Veinte minutos después, en plena espiral descendente, noté que el dolor de cabeza había desaparecido por completo.

XIX

En días posteriores sólo tomaba media pastilla con el desayuno. Esa dosis me aportaba toda la «normalidad» posible en tales circunstancias. Al principio me sentía aprensivo, pero cuando vi que los dolores de cabeza no reaparecían, me relajé un poco y pensé que quizá había encontrado una escapatoria o, al menos, con un alijo de casi setecientas dosis en mi haber, mucho tiempo para buscarla.

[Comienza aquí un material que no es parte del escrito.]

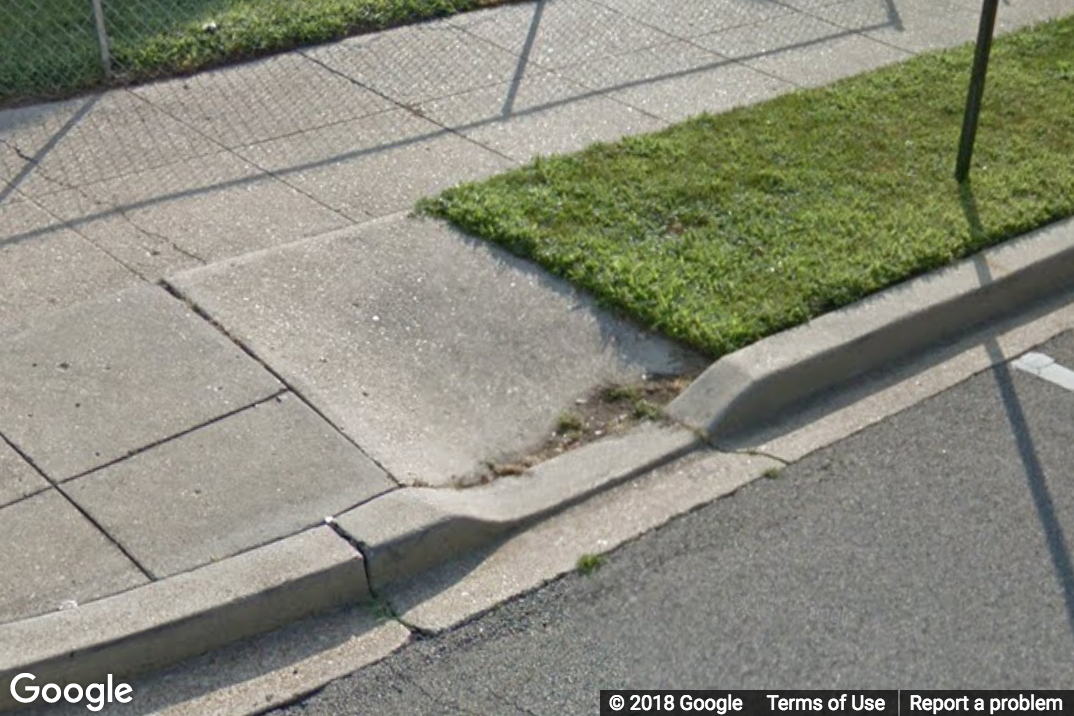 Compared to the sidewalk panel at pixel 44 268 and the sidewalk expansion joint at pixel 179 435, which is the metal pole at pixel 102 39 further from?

Pero, por supuesto, no era tan sencillo.

El lunes dormí hasta las nueve de la mañana. Desayuné naranjas, tostadas y café, todo ello aderezado con un par de cigarrillos. Después me di una ducha y me vestí. Me puse mi traje nuevo, que ya no lo era tanto, y me planté delante del espejo. Debía ir a la oficina de Carl Van Loon, pero de pronto me sentí sumamente incómodo por tener que salir con aquel atuendo. Me veía raro. Un rato después, cuando me dirigía al vestíbulo del Edificio Van Loon, estaba tan cohibido que casi esperaba que alguien me diera un golpecito en el hombro y me dijera que todo había sido un terrible error y que el señor Van Loon había ordenado que me echaran del edificio si aparecía por allí.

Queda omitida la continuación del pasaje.